More locals buy into ecological farming
Silma Moses-Hackshaw attends to her family’s organic home garden in Retreat, Vermont

However, in 2021, after the eruption of La Soufriere volcano, the Richmond Vale Academy (RVA) introduced him to a new method of home gardening. “The way that they showed me to prepare the land, I don’t have to do a lot of weeding now,” Findlay said as he forked the land to prepare terraces in January.

On that same Saturday morning in January at Vermont Janelle Hackshaw, commended the RVA’s style of home gardening especially because it is organic.

“We got some really nice, big heads of cabbages. They were firm and they tasted different. So it was a really good experience.”

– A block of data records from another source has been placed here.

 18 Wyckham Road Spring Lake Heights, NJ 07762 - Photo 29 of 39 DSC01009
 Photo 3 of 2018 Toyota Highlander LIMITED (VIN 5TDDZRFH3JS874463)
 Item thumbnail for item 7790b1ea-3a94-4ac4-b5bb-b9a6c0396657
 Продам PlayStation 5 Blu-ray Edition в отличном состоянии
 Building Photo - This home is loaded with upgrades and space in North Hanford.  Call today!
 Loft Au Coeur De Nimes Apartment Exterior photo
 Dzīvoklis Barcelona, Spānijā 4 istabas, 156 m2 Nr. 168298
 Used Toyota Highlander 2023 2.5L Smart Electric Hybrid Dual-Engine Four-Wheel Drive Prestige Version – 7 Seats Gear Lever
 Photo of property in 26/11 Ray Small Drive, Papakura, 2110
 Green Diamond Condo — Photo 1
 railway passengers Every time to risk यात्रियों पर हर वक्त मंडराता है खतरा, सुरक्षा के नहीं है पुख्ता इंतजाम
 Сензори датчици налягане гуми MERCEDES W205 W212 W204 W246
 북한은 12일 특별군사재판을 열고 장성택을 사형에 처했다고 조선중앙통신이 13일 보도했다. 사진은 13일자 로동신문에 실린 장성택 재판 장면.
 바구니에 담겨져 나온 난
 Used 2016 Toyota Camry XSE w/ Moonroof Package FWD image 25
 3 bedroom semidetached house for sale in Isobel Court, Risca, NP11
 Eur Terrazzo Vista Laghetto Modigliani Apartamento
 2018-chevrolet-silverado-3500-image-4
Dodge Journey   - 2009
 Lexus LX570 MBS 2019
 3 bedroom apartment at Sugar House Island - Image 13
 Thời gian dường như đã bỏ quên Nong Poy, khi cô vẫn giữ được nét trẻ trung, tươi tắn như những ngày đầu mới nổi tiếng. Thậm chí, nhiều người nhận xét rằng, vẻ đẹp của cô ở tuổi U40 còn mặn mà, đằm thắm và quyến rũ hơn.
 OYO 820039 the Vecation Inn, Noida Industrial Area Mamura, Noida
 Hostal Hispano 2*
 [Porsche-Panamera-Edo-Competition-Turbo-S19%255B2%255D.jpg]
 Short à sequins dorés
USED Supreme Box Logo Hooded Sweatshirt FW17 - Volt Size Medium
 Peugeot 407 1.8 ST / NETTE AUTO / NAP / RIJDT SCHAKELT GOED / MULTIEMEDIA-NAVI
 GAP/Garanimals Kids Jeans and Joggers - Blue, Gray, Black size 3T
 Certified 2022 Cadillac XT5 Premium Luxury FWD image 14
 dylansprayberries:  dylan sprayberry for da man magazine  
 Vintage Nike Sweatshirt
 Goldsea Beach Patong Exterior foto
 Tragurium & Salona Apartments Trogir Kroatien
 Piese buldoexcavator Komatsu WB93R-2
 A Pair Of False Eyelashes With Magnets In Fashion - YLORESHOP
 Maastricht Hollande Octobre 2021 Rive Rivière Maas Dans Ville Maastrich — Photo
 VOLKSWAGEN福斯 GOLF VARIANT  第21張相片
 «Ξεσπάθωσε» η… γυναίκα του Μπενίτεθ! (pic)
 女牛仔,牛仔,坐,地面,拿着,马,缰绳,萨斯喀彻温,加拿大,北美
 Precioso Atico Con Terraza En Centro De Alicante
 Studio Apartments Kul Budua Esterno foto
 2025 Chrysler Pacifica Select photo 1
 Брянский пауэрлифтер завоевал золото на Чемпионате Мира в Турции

Hackshaw, “a child of the late 70s”, was speaking on behalf of her mother, Silma Moses-Hackshaw, 66, a former nurse, who “has taken ownership” of the family’s backyard garden.

“I get to plant something in there sometimes,” the daughter said and laughed as her mother was attending to the garden.

In Barrouallie, Findlay was preparing the land even as the dry season crawled along the hills of his coastal community. He was not deterred, however, as he knows that much more moisture is retained in the soil when he uses the agroecology method taught him by the RVA to prepare the terraces. “After forking the soil, I cover it with wet cardboard. Then I chop up plantain or banana plants and put them on the wet cardboard. On that, I place a layer of animal manure and then comes a layer of dry grass. Because of this, the weeds have it difficult coming through,” Findlay explained.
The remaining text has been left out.